■ **Task material**
_ _ _ _
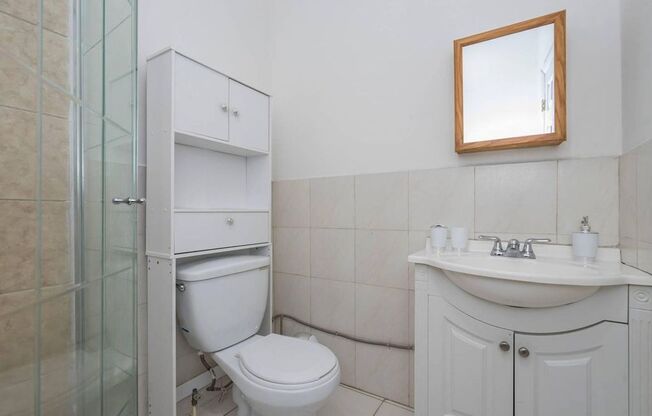 Beautiful studio in south st available Aug  1st
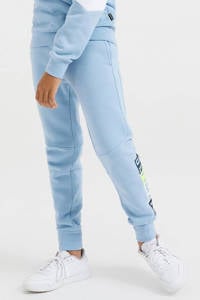 Grijsblauwe jongens WE Fashion slim fit joggingbroek van katoen met regular waist, elastische tailleband met koord en tekst print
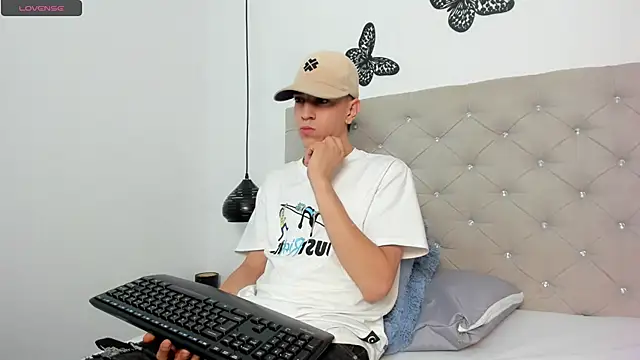 Snapshot of Dei_v_48 chatting on March 11, 2025, 5:46 am Dei v 48 online show from March 11, 2025, 5:46 am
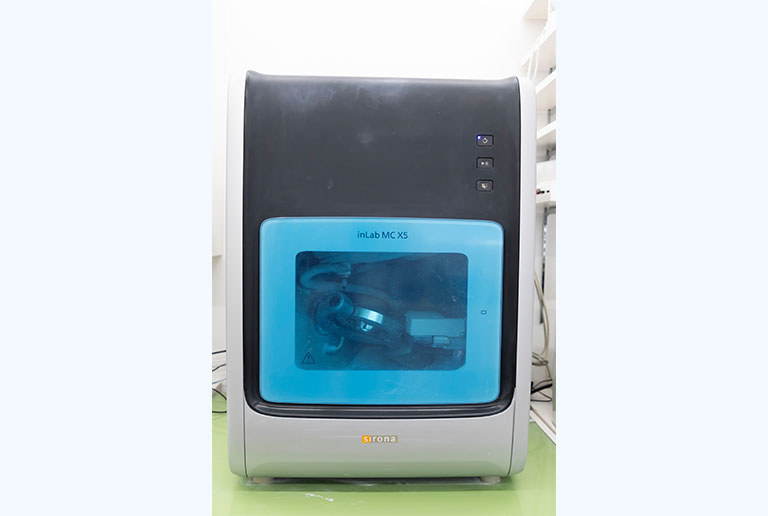 inLabMCX5ミリング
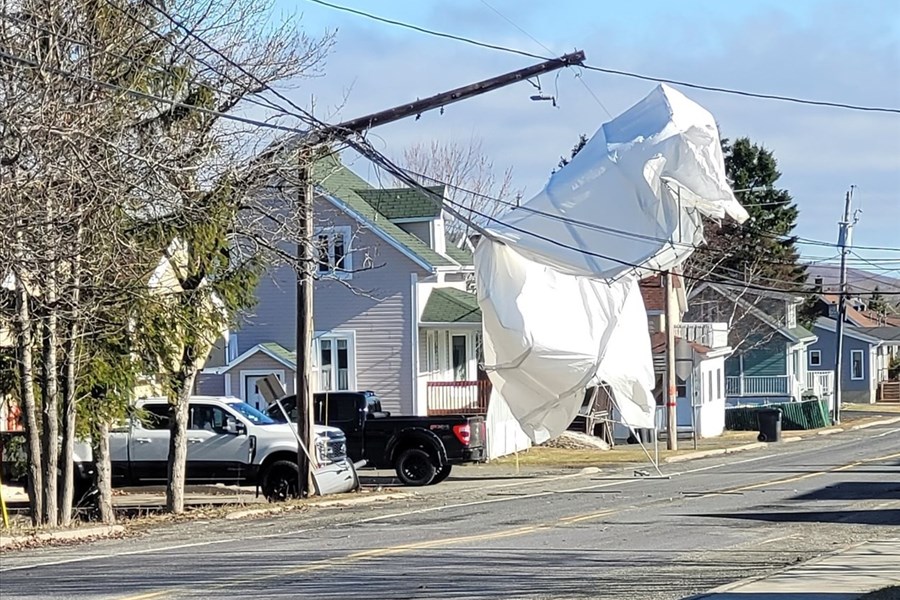 Un abri temporaire endommage des fils électriques à Saint-Honoré-de-Témiscouata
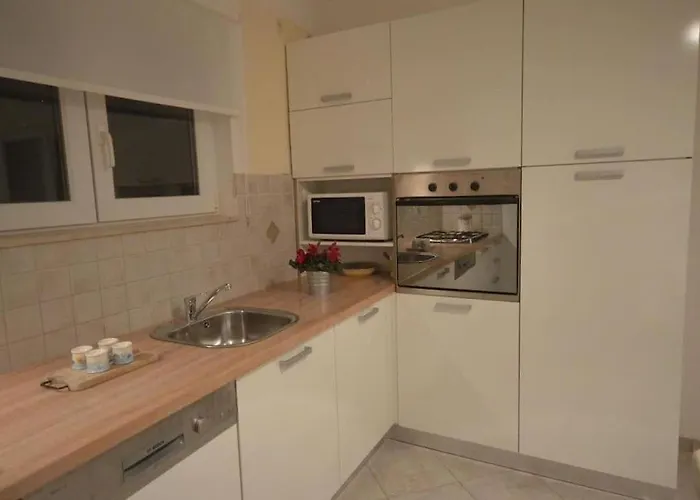 Mateja, Beachfront House شقة *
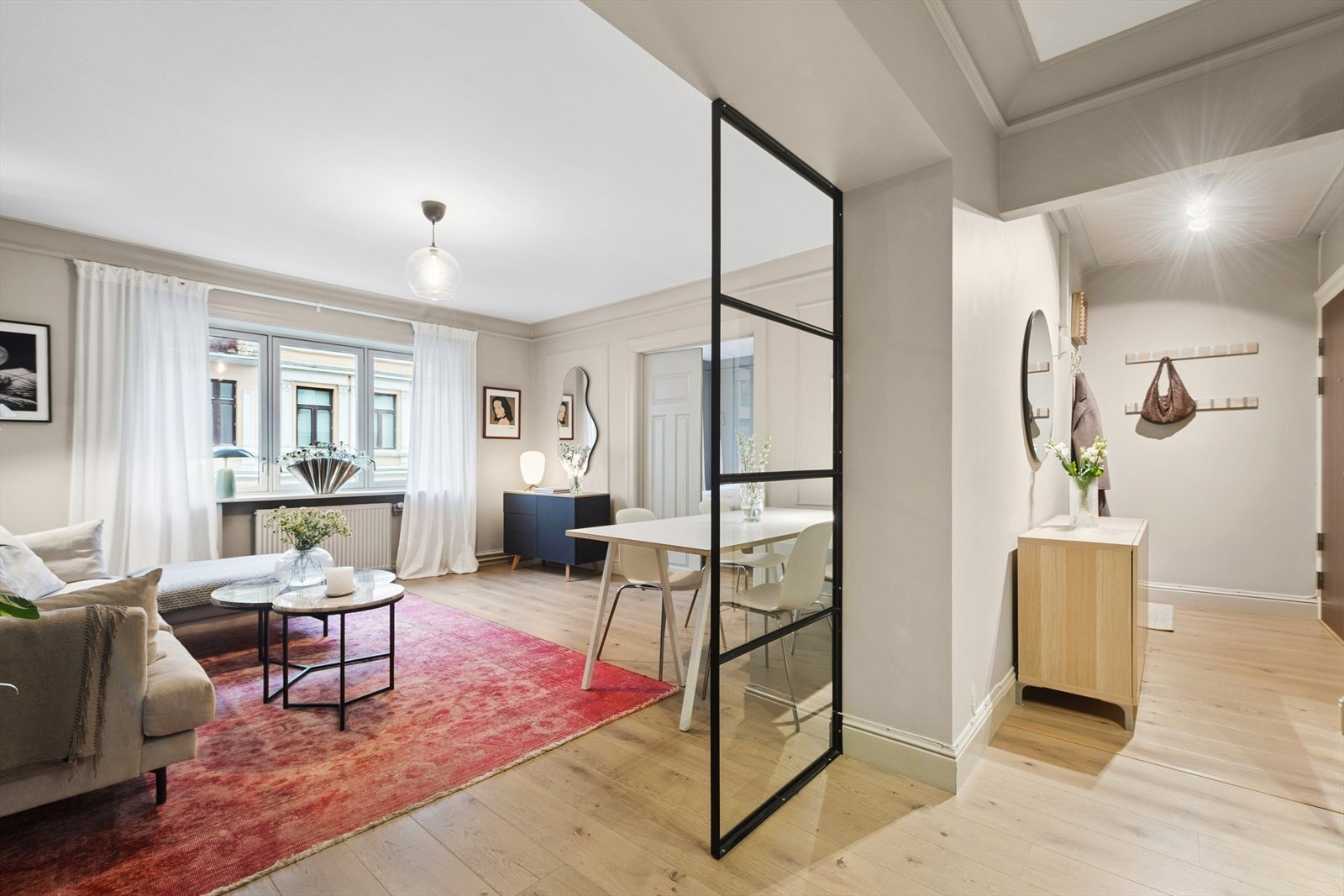 Det flotte gulvet gir en flytende overgang mellom rommene, samtidig som det bidrar en til den luftige romfølelsen. Galleribilde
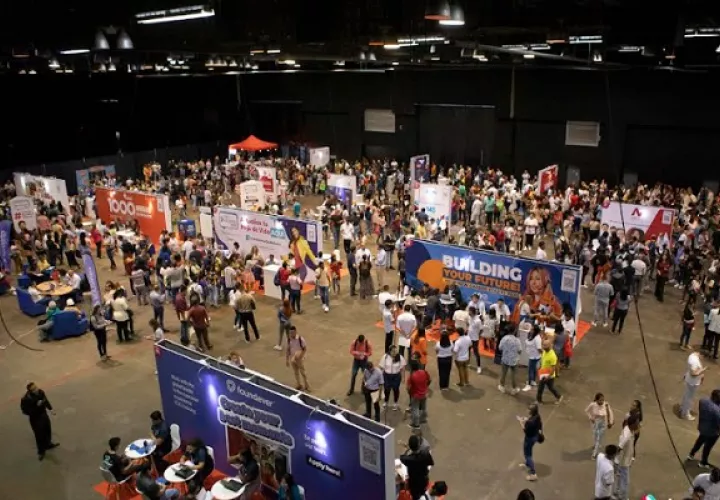 El 58 % de los participantes en Expo Konzerta 2023 fueron del sexo femenino y un 42 % del masculino. Foto: Cortesía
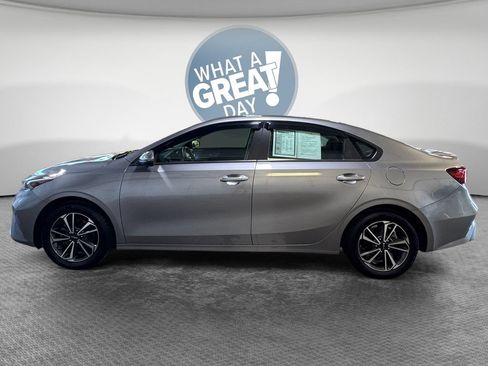 Certified 2024 Kia Forte LXS w/ LXS Technology Package FWD image 7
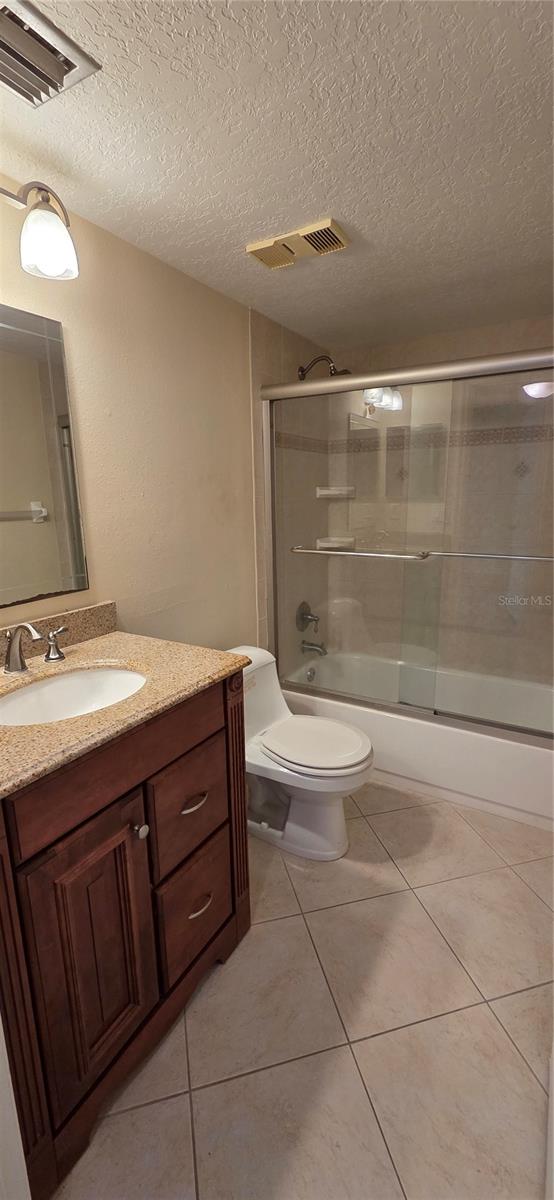 Listing photo id 24 for 90 Highland Avenue 224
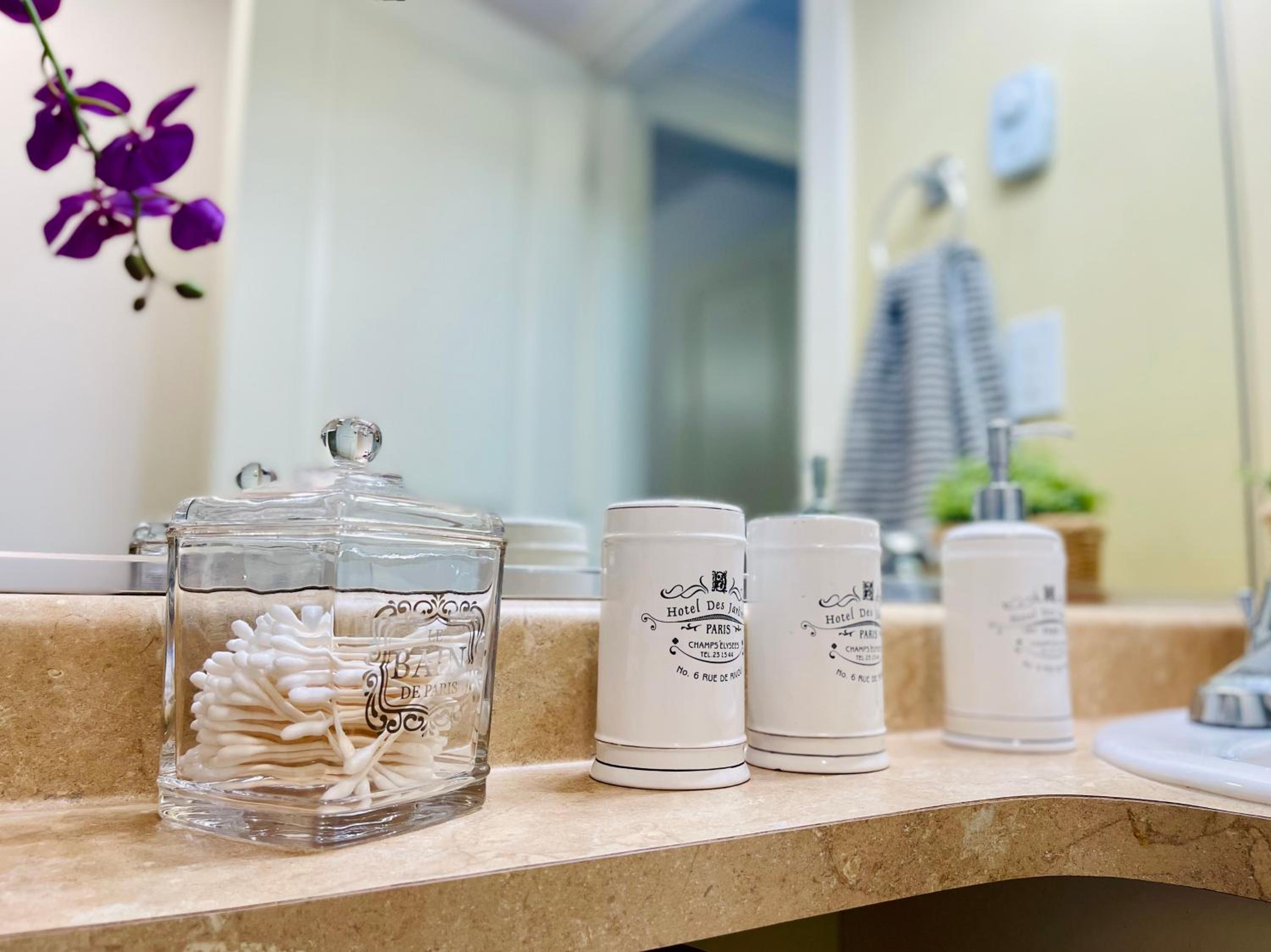 Langley Heights 2 Bedrooms Sweet Suite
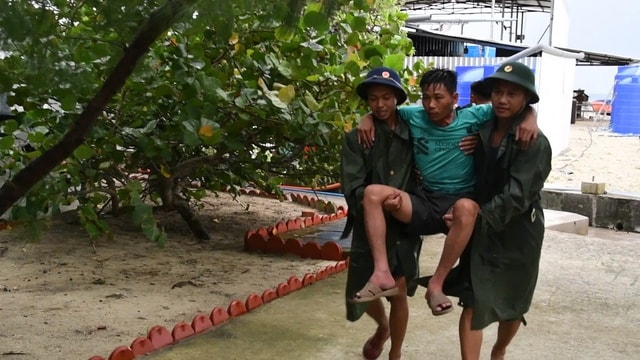 Một ngư dân bị cá kìm đâm rách cổ khi đang lặn biển- Ảnh 1. Một ngư dân bị cá kìm đâm rách cổ khi đang lặn biển- Ảnh 1.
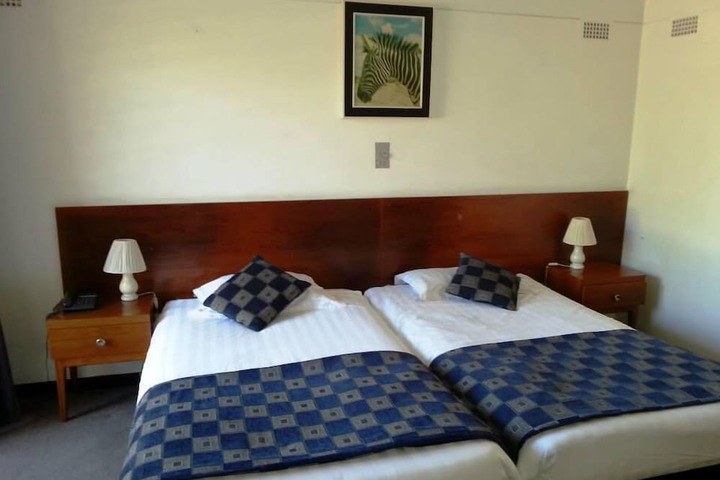 Room 13 of 14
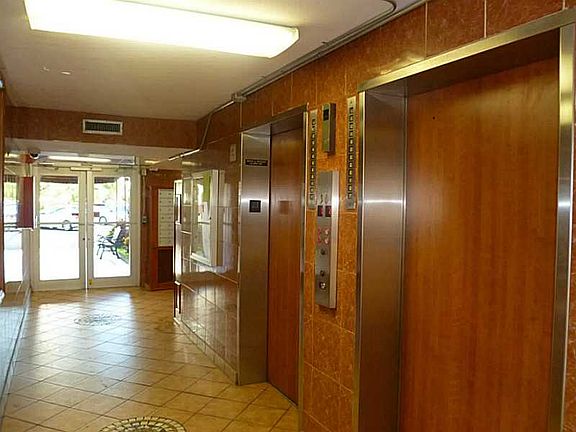 5th image of 1401 NE Miami Gardens Dr APT 394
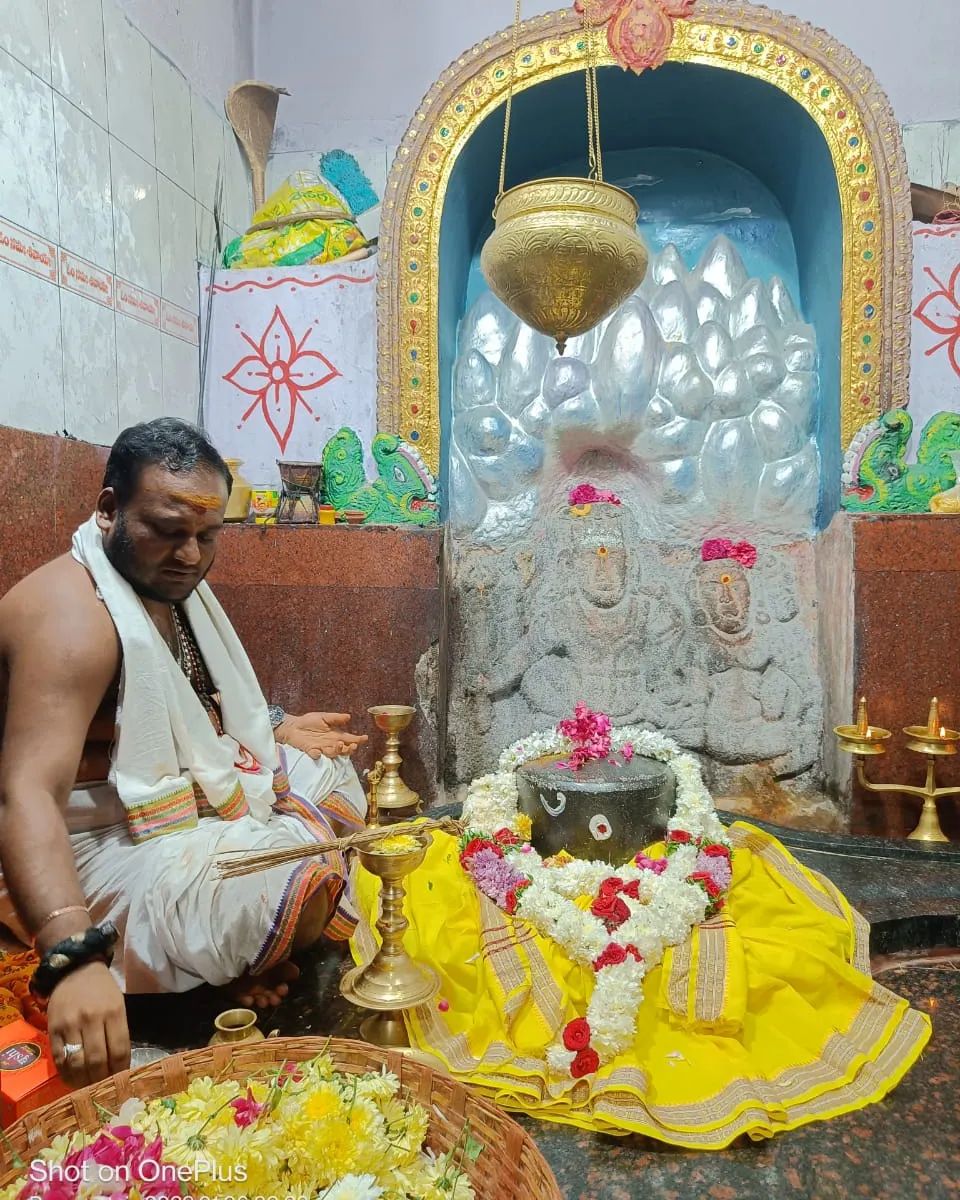 Bhadreshwara Swamy ⛩️🙏🙇🏻‍♂️🌺

#Rangampet #Bhadrakali #Temple  #CulturalHeritage #Warangal #TemplesOfWarangal #Telangana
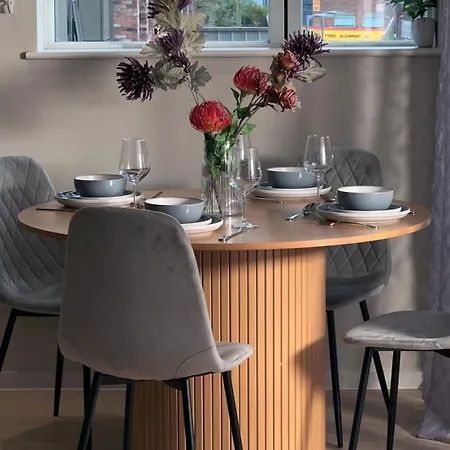 Apartment 2 Bedroom With Free Parking In Centre, By Eason - Ideal For Weekend Getaways & Business Travel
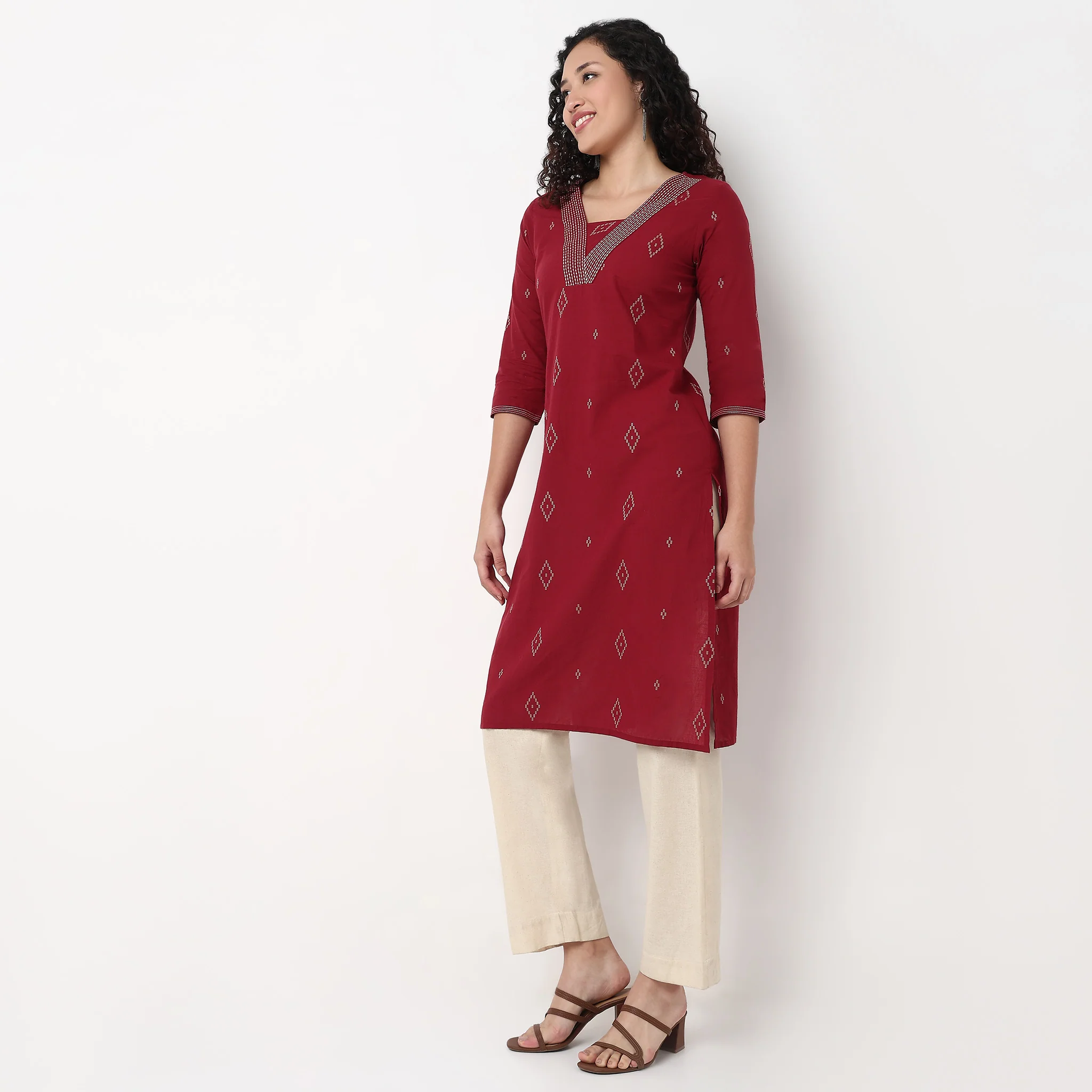 V-Neck With Couching and Gusset Long Kurta - Image 5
_ _ _ _
■ **Work to be completed**
Print every record exactly, without the pictures.

■ **Exercise response**
 Beautiful studio in south st available Aug  1st
 Grijsblauwe jongens WE Fashion slim fit joggingbroek van katoen met regular waist, elastische tailleband met koord en tekst print
 Snapshot of Dei_v_48 chatting on March 11, 2025, 5:46 am Dei v 48 online show from March 11, 2025, 5:46 am
 inLabMCX5ミリング
 Un abri temporaire endommage des fils électriques à Saint-Honoré-de-Témiscouata
 Mateja, Beachfront House شقة *
 Det flotte gulvet gir en flytende overgang mellom rommene, samtidig som det bidrar en til den luftige romfølelsen. Galleribilde
 El 58 % de los participantes en Expo Konzerta 2023 fueron del sexo femenino y un 42 % del masculino. Foto: Cortesía
 Certified 2024 Kia Forte LXS w/ LXS Technology Package FWD image 7
 Listing photo id 24 for 90 Highland Avenue 224
 Langley Heights 2 Bedrooms Sweet Suite
 Một ngư dân bị cá kìm đâm rách cổ khi đang lặn biển- Ảnh 1. Một ngư dân bị cá kìm đâm rách cổ khi đang lặn biển- Ảnh 1.
 Room 13 of 14
 5th image of 1401 NE Miami Gardens Dr APT 394
 Bhadreshwara Swamy ⛩️🙏🙇🏻‍♂️🌺

#Rangampet #Bhadrakali #Temple  #CulturalHeritage #Warangal #TemplesOfWarangal #Telangana
 Apartment 2 Bedroom With Free Parking In Centre, By Eason - Ideal For Weekend Getaways & Business Travel
 V-Neck With Couching and Gusset Long Kurta - Image 5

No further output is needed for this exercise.